Khawatirnya, fokus mereka menjadi terganggu sehingga pementasan menjadi tidak maksimal. Tidak hanya dalam prosesi aki lengser, praktik saweran juga muncul dalam sesi yang menurut saya sangat sakral yaitu sesi sungkeman Murid kepada gurunya.Â
Layaknya dalam acara pernikahan, biasanya kedua pasangan siswa akan melakukan sungkem kepada Bapak/Ibu guru atau kepala sekolah yang berperan sebagai orang tuanya. Proses ini tentu membuat acara wisuda dan perpisahan sekolah menajdi semakin berkesan dan haru apalagi ditambah dengan iringan musik yang syahdu.

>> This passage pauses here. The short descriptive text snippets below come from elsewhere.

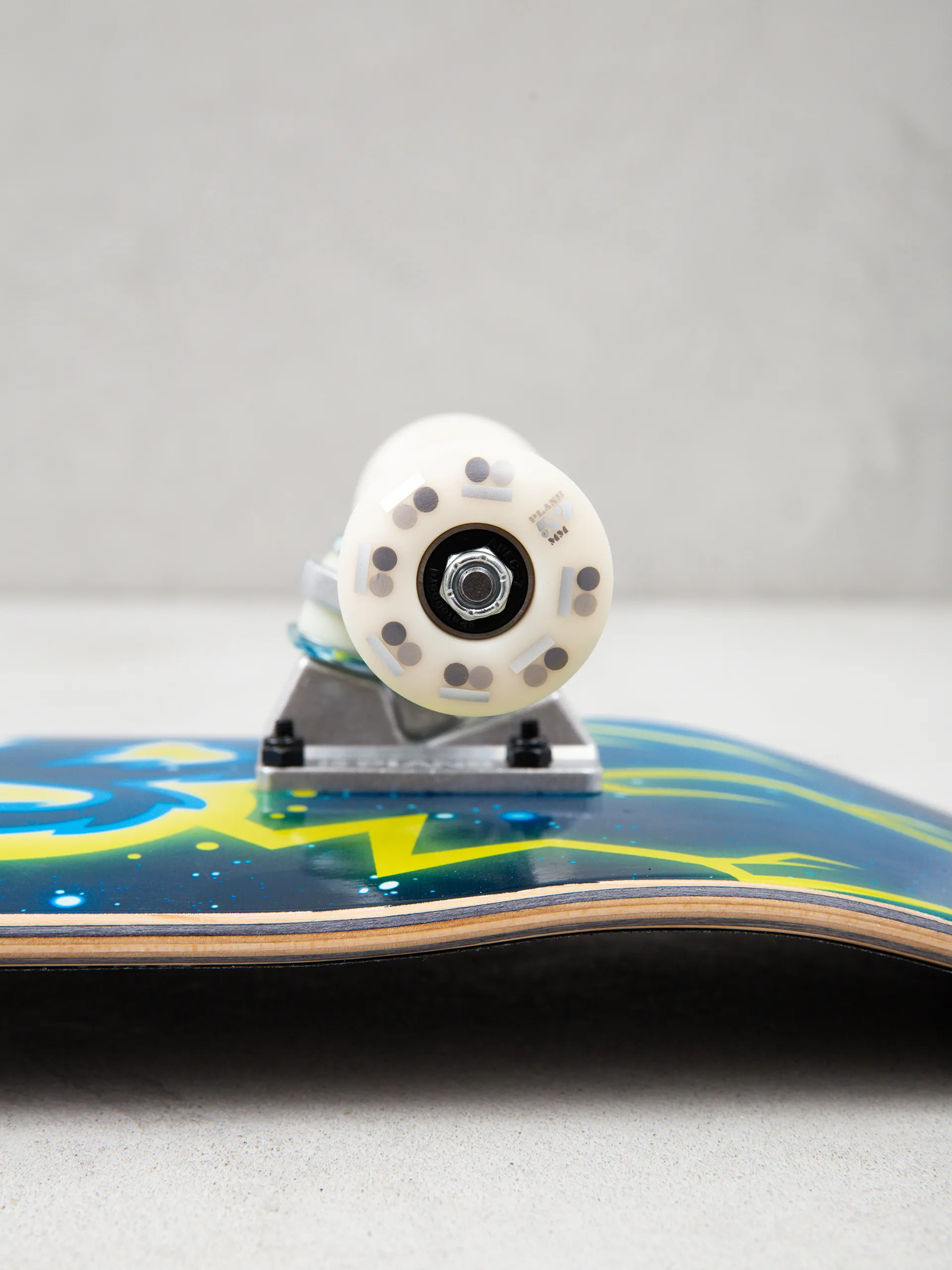 Plan B Weird Science Skateboard (teal/yellow)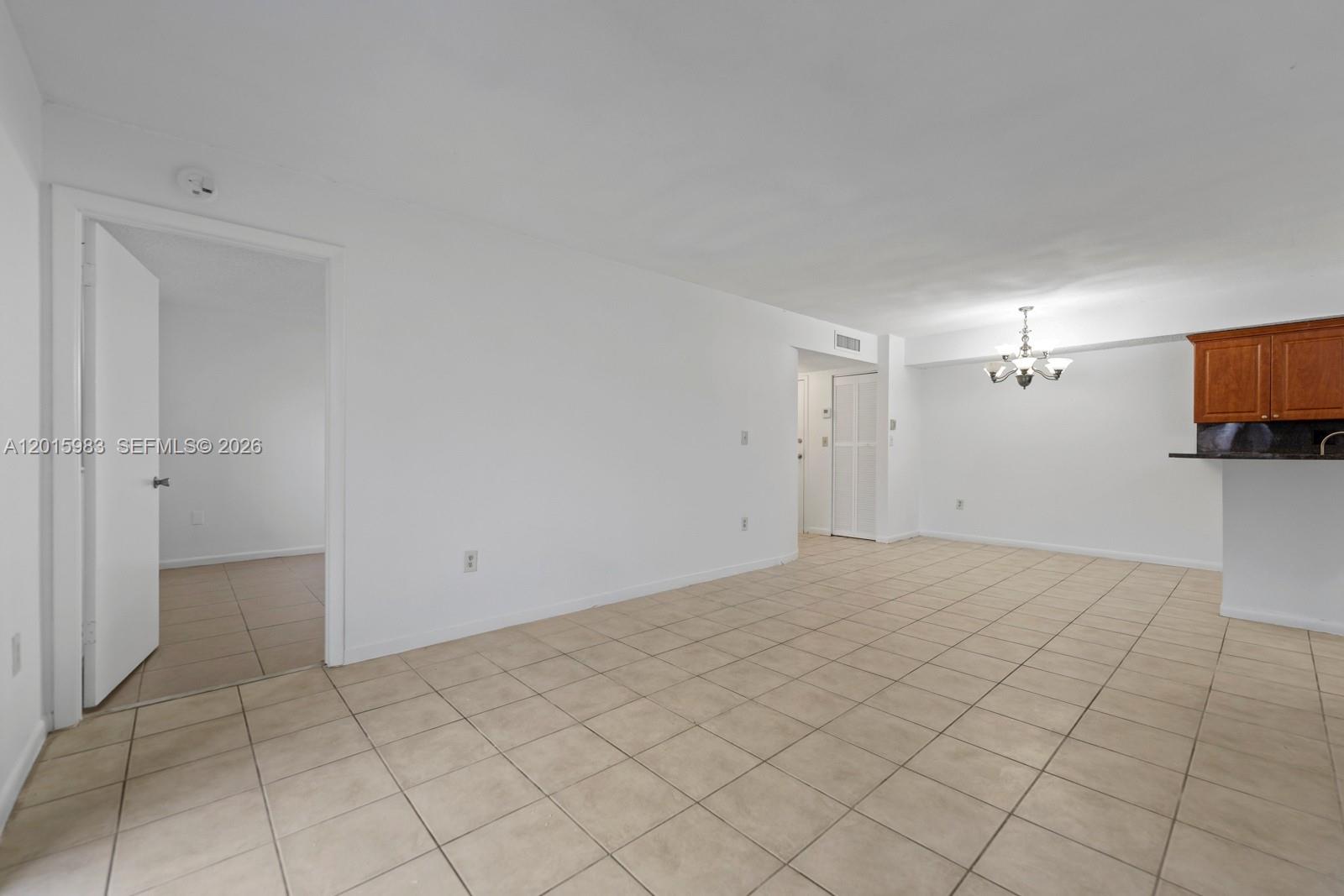 VILLA BELLINI CONDO - Residential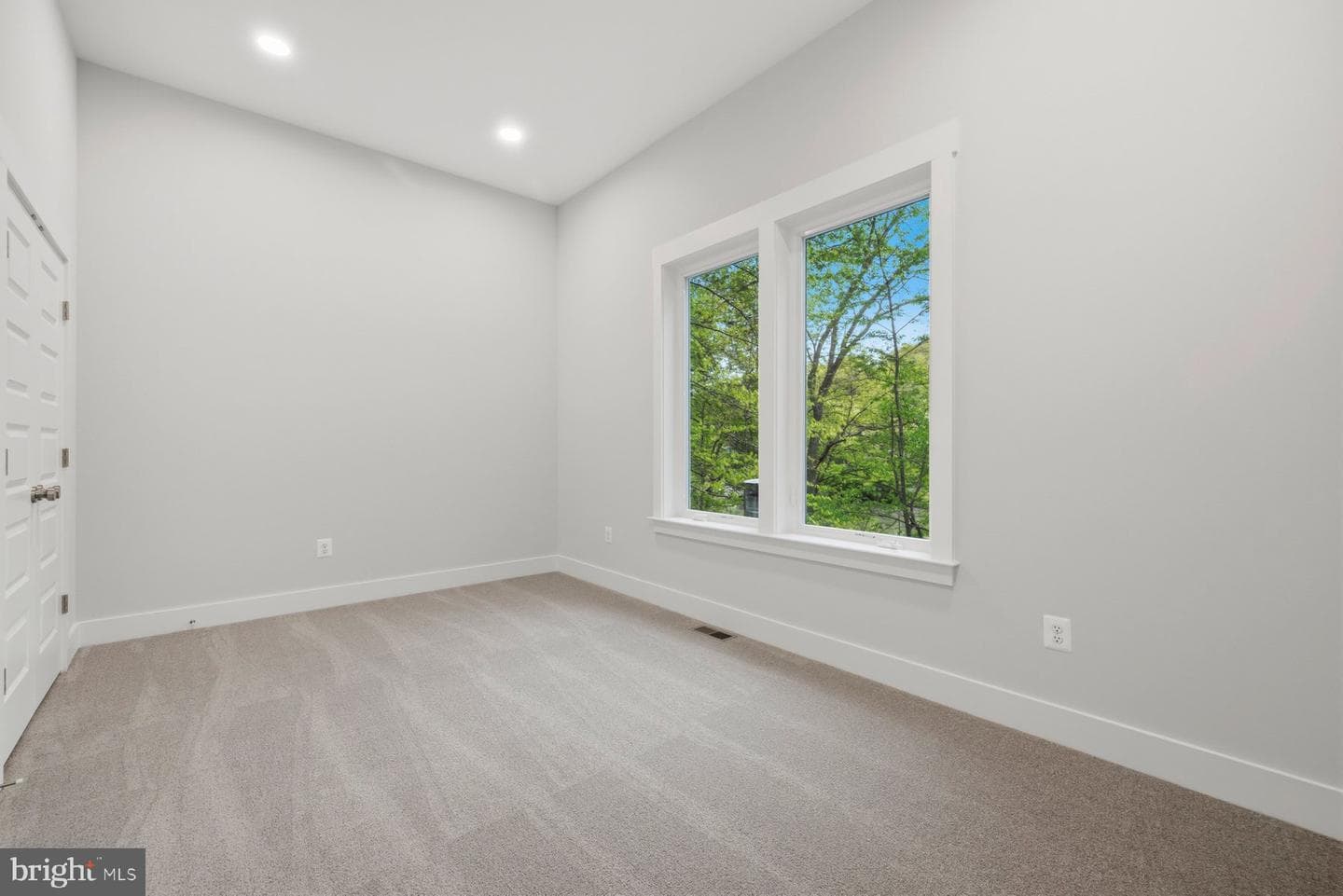6721 Balmoral Overlook photo 41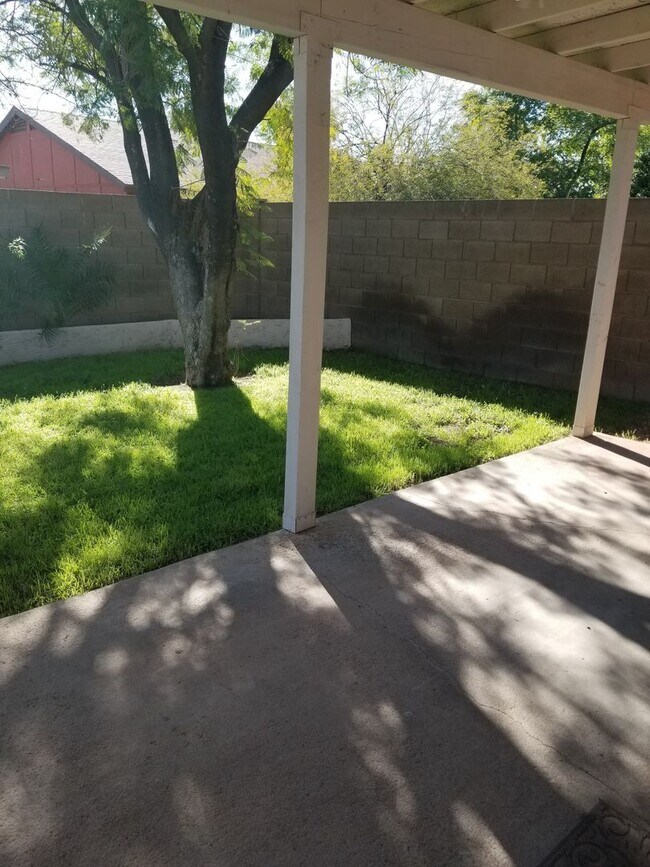 Foto del edificio - Convenient Glendale location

Namun lagi-lagi prakitk saweran ini membuat acara sedikit terganggu. Padahal dalam sungkeman tersebut mengndung sarat makna dan pituah bijak yang bisa kita ambil. Namun bukaanya esensi yang kita dapat, kita malah disuguhkan dengan adegan saweran yang mengganggu dan menghambat jalaanya prosesi pementasan.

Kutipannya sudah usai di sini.